March 29 2010
The Supreme Court has ruled that circumstances which were not reasonably foreseeable at the time of the conclusion of an agreement and which increase the burden of the agreement disproportionately can, in certain circumstances, be considered an 'impediment' within the meaning of Article 79 of the UN Convention on Contracts for the International Sale of Goods (CISG).
A French vendor and a Dutch purchaser entered into successive contracts for the sale and delivery of steel tubes for scaffolding, which were to be delivered to Tongeren in Belgium. In early 2004, in view of a 70% increase in the market price of steel, the vendor asked for the contracts to be renegotiated for an increased sale price. As the parties were unable to reach an amicable agreement, the dispute went to court in Belgium.
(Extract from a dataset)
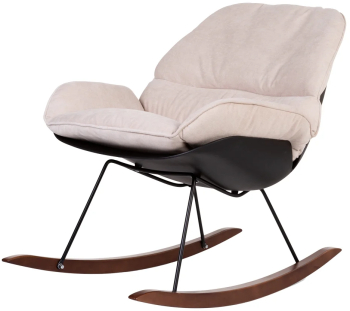 Scaun balansoar Childhome Negru/Alb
The president of the Tongeren Commercial Court, sitting in summary proceedings, ordered as a provisional measure that the vendor deliver the ordered products to the purchaser and that the purchaser pay half of the requested price increase. This led the purchaser to initiate proceedings on the merits.
Commercial court decision
In the proceedings on the merits the court held that price fluctuations are foreseeable and were part of the business risk assumed by the vendor, all the more so in this case because the vendor had failed to include a price adjustment clause in the sales contract.
The court held that circumstances which do not make a contract impossible to perform, but merely render its performance more onerous, cannot be considered an impediment in the sense of Article 79. The vendor appealed.
Appeal court decision
Antwerp Court of Appeal's judgment was radically different. It implicitly held that the issue at stake was not governed by the CISG and that the question should be governed by the national law applicable to the contract. By virtue of Article 4 of the Rome Convention on the Law Applicable to Contractual Obligations, French law applied in this case.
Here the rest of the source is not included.